CoreWeave Secures $8.5 Billion Investment‑Grade Financing Facility

CRWV
March 31, 2026

CoreWeave announced that it has closed an $8.5 billion delayed‑draw term loan facility (DDTL 4.0) on March 30 2026, with the announcement made the following day. The facility carries an A3 rating from Moody’s and an A (low) rating from DBRS, making it the first investment‑grade‑rated GPU‑backed financing in the industry.

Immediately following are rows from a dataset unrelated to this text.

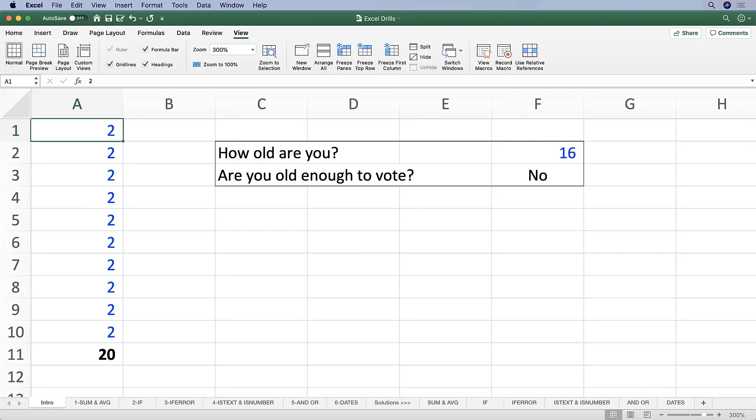And as you can imagine, there are pretty much infinite possibilities of what you can do with those functions. Functions themselves are useful on their own, but they do become more powerful when they're combined together. So we're going to go over some of the most common functions and function combinations that you're likely to encounter in financial analysis.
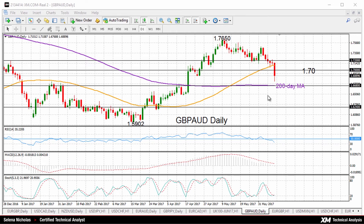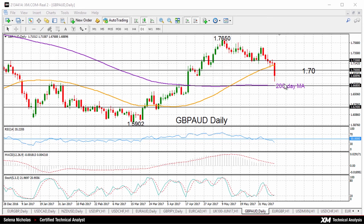As long as the market remains above the 200-day moving average, the uptrend that took place from 1.5902 to 1.7650 will not change. But the short-term bias, as we can see, is to the downside, while the medium-term outlook is looking neutral. Thank you so much for watching. Have a great day.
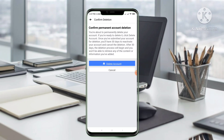Once you have submitted the account for deletion, you will have 30 days to cancel the deletion. After 30 days, the deletion process will begin and you won't be able to recover any of the content or information you have added. So within 30 days, don't log in to your account.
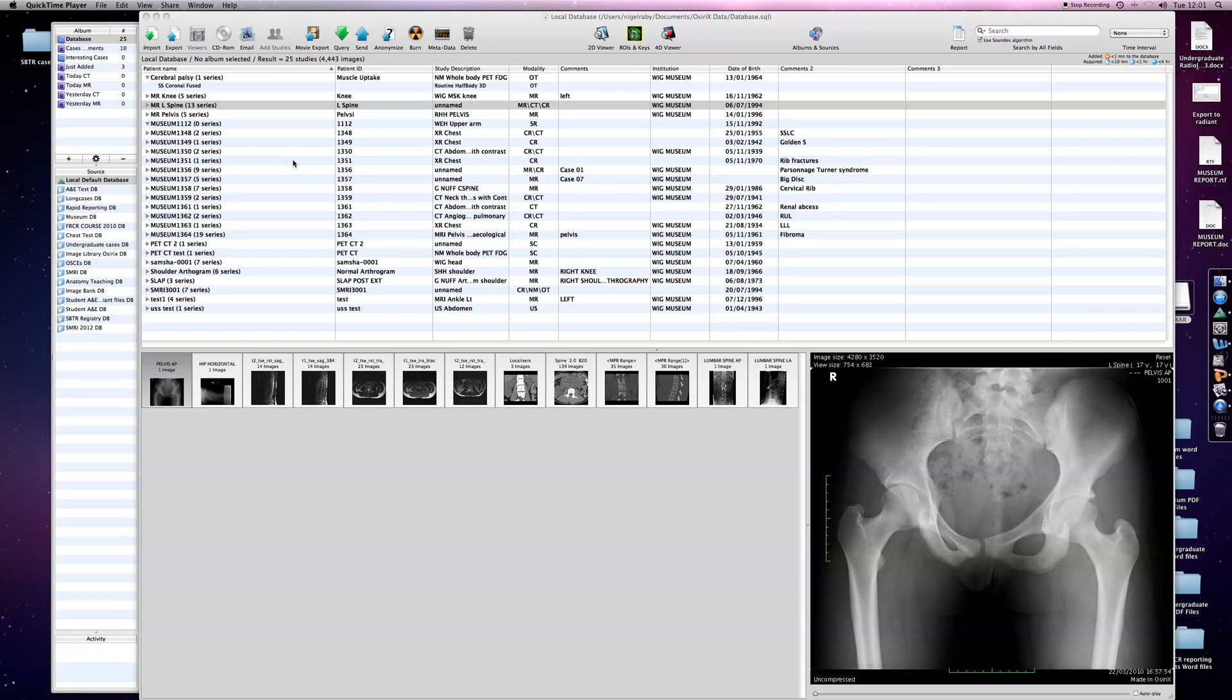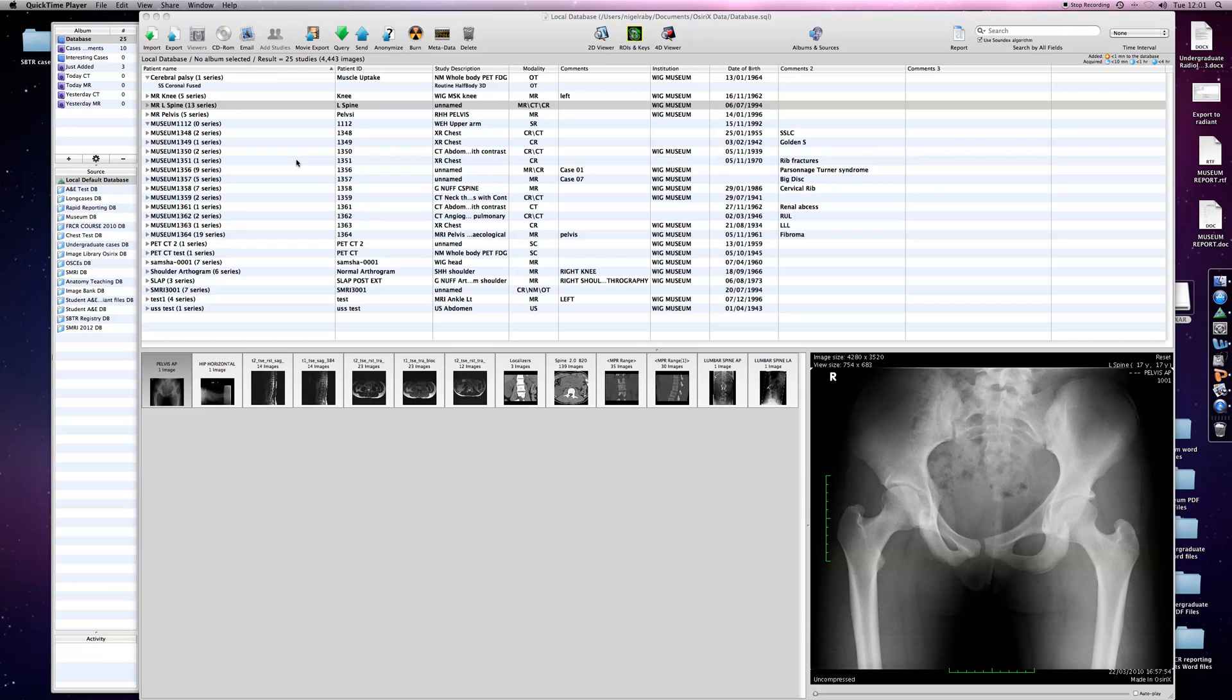This is Nigel Ravey again here in Glasgow, and I'm going to show you how you can use OSIRIX to add content on top of images. I would use this particularly in constructing museum-type cases.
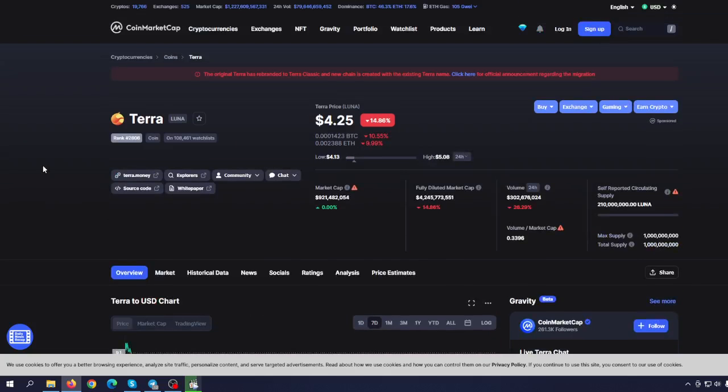So guys, let me know in the comments what you think about Terra and Terra Classic, and please, until next video, please invest smart.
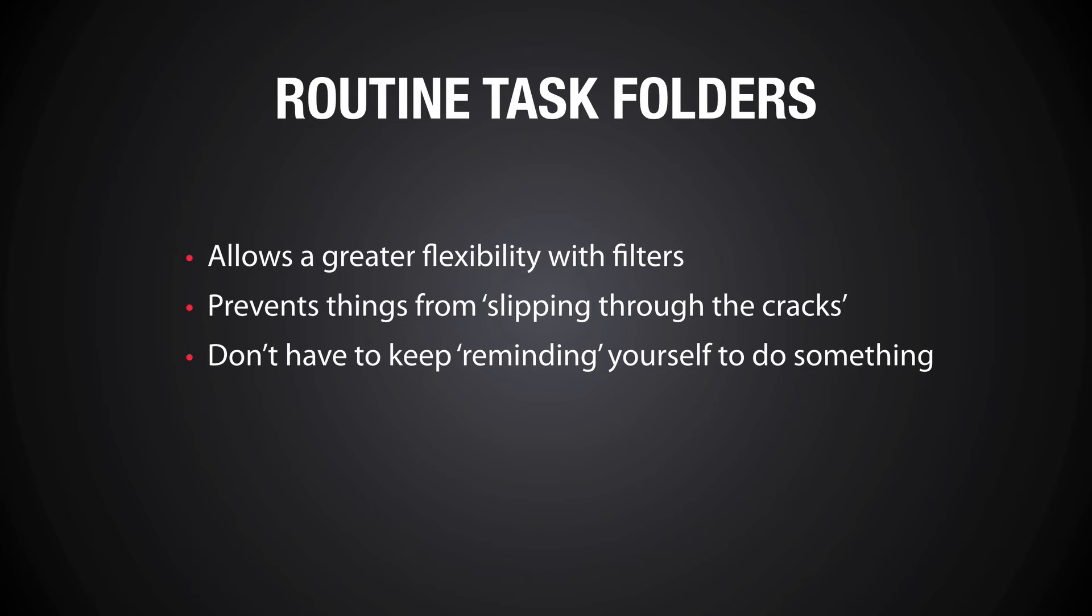So there you go, those are my reasons for doing it. Now let me take you into Todoist and show you how I've got mine set up, and maybe this is something that you would like to do for yourself.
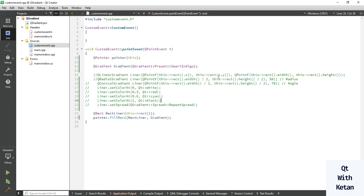If you want to know all the preset effects, you can go to the Qt website and simply search for Qt gradient presets, and you will get the complete list.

The DDTL 4.0 allows CoreWeave to draw up to $7.5 billion initially, with the option to increase the total capacity to $8.5 billion as the underlying assets mature. The loan is secured by substantially all assets of CoreWeave Compute Acquisition Co. VIII, LLC, which includes the company’s purpose‑built AI data‑center facilities and the GPU‑equipped server fleets that generate predictable, long‑term cash flows from multi‑year contracts with major AI enterprise clients such as Google, Microsoft, and Amazon. The facility contains both floating‑rate tranches (SOFR + 2.25%) and a fixed‑rate tranche at approximately 5.9%, with a maturity of March 2032.

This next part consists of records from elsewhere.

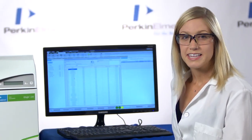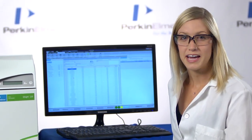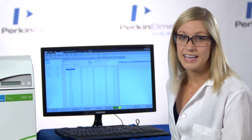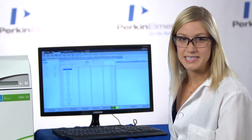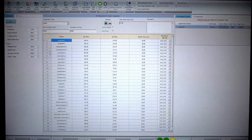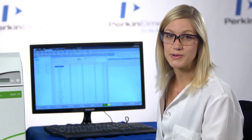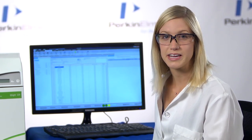Here we can enter our target pesticide masses for multiple reaction monitoring analysis. As you can see, here is a list of pesticides that we are testing for. This list can either be entered on your own, or you can use the preloaded library.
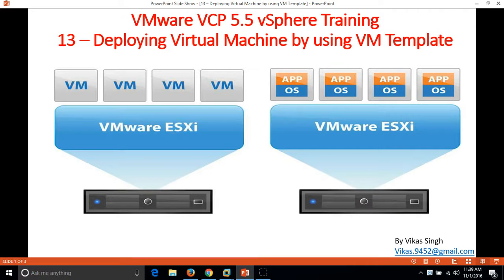Hi friends, welcome to my channel. This is the 13th video of VMware VCP 5.5 vSphere training. In this video I am going to show you how to deploy a virtual machine by using a template. In the last video we created some clones and some templates of virtual machines, and I am going to use the same template to deploy a virtual machine right away.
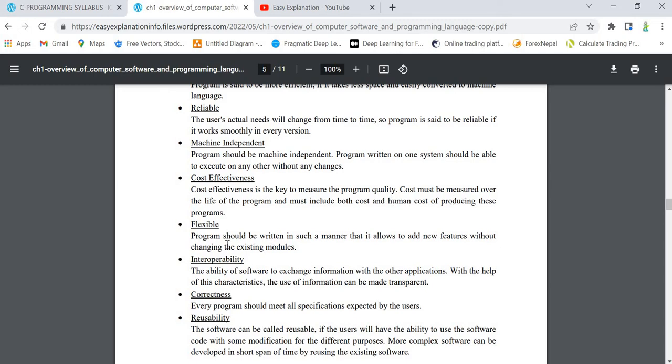Next is flexibility. What is flexibility? It should be easier for us to add new features without changing the existing program. It means that if you want to add some features to a program, it should be easy for us.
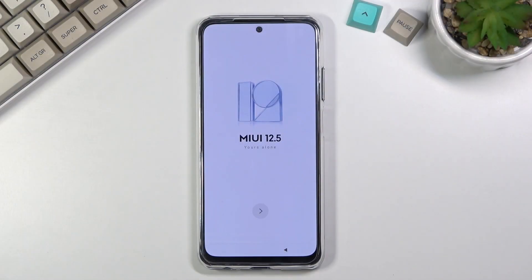Welcome and follow me — this is a Xiaomi Redmi Note 10s and today I'll show you how to set up your device.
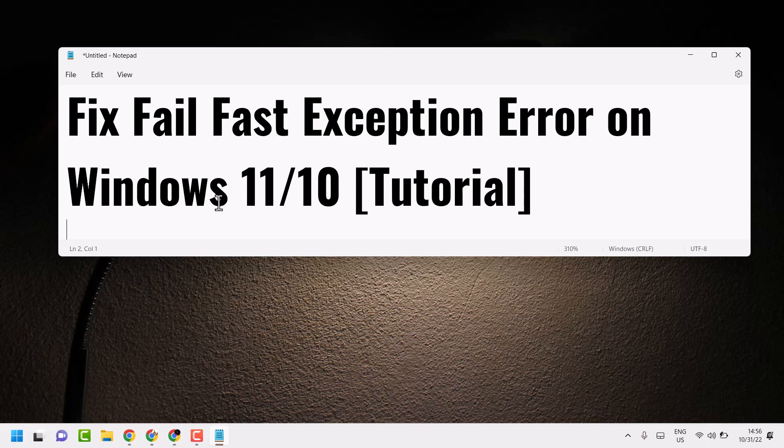Hello friends, in this video I will show you how to fix the Fail Fast Exception error on Windows 11 or 10.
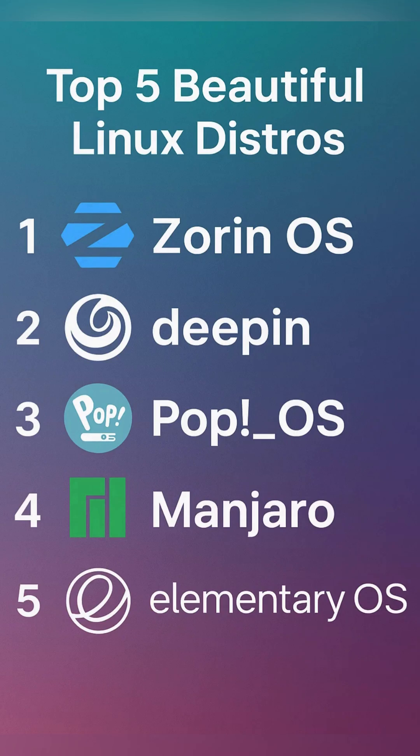Number 2: Deepin. While not typically recommended on this channel, it earns a place on this list for its looks. Deepin is a Chinese-developed Linux distribution based on Debian that features the Deepin Desktop Environment (DDE), known for its elegant design and smooth animations. The Deepin desktop environment integrates a visually consistent control center and a striking color palette, creating a seamless out-of-the-box presentation. Deepin includes several custom-built applications, such as a file manager and a system monitor, that blend into the overall aesthetic, reinforcing its cohesive look and feel.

CoreWeave’s capital base is now positioned to support its aggressive expansion plan, which includes a projected $12‑$14 billion capex spend for 2025 and a near‑doubling of that spend in 2026 to reach almost $30 billion. The new financing reduces the company’s cost of capital, enabling it to fund the deployment of NVIDIA HGX B300 and Vera Rubin NVL72 systems while maintaining the ability to meet the $66.8 billion backlog of AI‑cloud contracts that underpin its revenue trajectory.

The market reacted positively to the announcement, with analysts noting that the investment‑grade rating signals institutional confidence in CoreWeave’s predictable cash flows and scalable business model. The deal also highlights a broader trend of treating AI infrastructure as a traditional asset class, similar to power plants, which may lower financing costs for other players in the sector.

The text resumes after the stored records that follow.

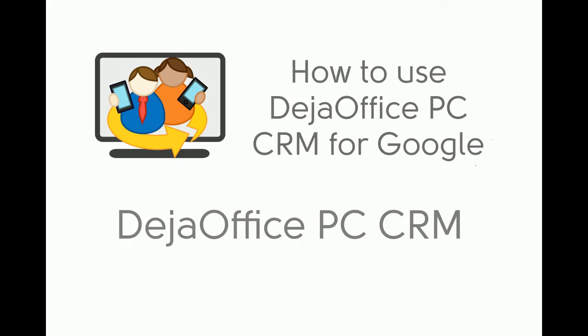Today we're going to show you how to use DejaOffice CRM to manage Google contacts, calendar, and tasks directly from your PC. And we'll also show you some of the features that are included in DejaOffice CRM for Google.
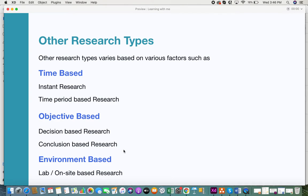If the environment plays an important role in your research, there are environment-based research types. It can be conducted in a lab, on-site, or from wherever you are. For example, archaeological or historical research must be done on-site, scientific research is mostly done in labs, and business or IT research can often be done from any location.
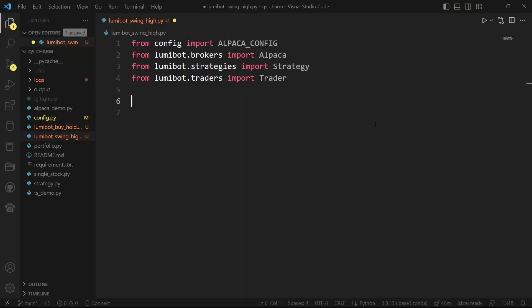This is part two in my series on implementing trading bots with Lumibot and Alpaca. If you didn't see the first video, you probably want to watch that — it covers the basics of what you need to implement a live trading bot. In this video, we're going to assume you know some of that and implement a more complex strategy. I don't expect this strategy is going to be a winner, and this is not trading advice — this is for educational purposes.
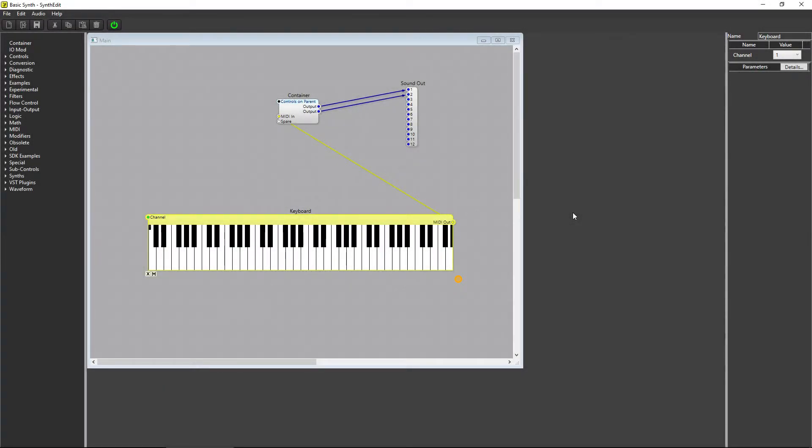Getting started in SynthEdit can be fun, but challenging at times, and it can be difficult to figure out the nuances of using the program.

Management emphasized that the financing “provides a lower‑cost capital path for our projected $12‑$14 billion capex spend in 2025 and beyond,” and that the deal “reflects confidence in AI adoption and represents continued market validation of our model that is proving both repeatable and scalable.”

The transaction underscores CoreWeave’s strategic positioning to meet accelerating demand for AI computing power, while also demonstrating the company’s ability to secure high‑quality debt in a competitive capital‑markets environment.